Do you think you should change your master password, say after a year?

Hi,
I’d be more than reluctant to change my master password. Chatgpt said I should do it after a year. But I’m not convinced. The thing says also that it should be16 caracters long at least.
mine is a little shorter. (not a lot) and the Bitwarden strength page test says it would require centuries to be forced.
What do you think? Do you change it yearly for example? It would surprise me. once you found a good password you don’t want to change it. It’s always possible to add some caracters of course.

BW changed my internet life, it made it lighter, easier. A fantastic tool.

Last minute : I’ve decided to add 3 more caracters. Not a big deal. giving a little more margin. easy to do. My master password is super strong. I’m not worrying.

Please don’t take security advice from ChatGPT!

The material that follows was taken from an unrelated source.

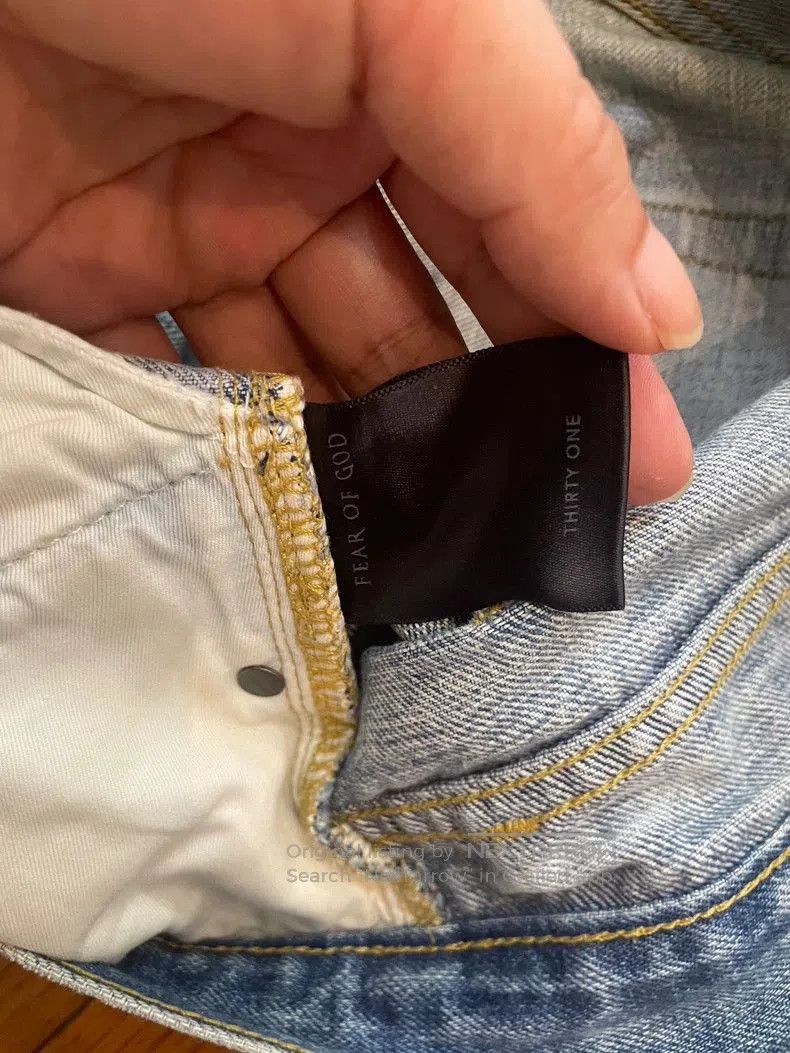Fear of God Fear of God 4th Collection Denim Jeans. Size US 31 - 8 Thumbnail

  • No, you should not change your master password, unless you have reason to believe that your master password has been stolen or leaked (e.g., if you get notifications from Bitwarden that a login attempt did not succeed as a result of failed 2FA).

  • No, the strength of your master password should not be evaluated based only on the number of characters it contains. A completely random number sequence consisting of 16 digits (e.g., 9052754832154531) or a string of 16 random characters (e.g., 2Tyvu9!Oyh%7mT#O) would make for sufficiently strong master passwords to your vault, but nonrandom sequences (e.g., 1 (312) 867-5309 or FootgearStruggle) would make for very weak/unsafe vault passwords, even if they are 16 characters in length.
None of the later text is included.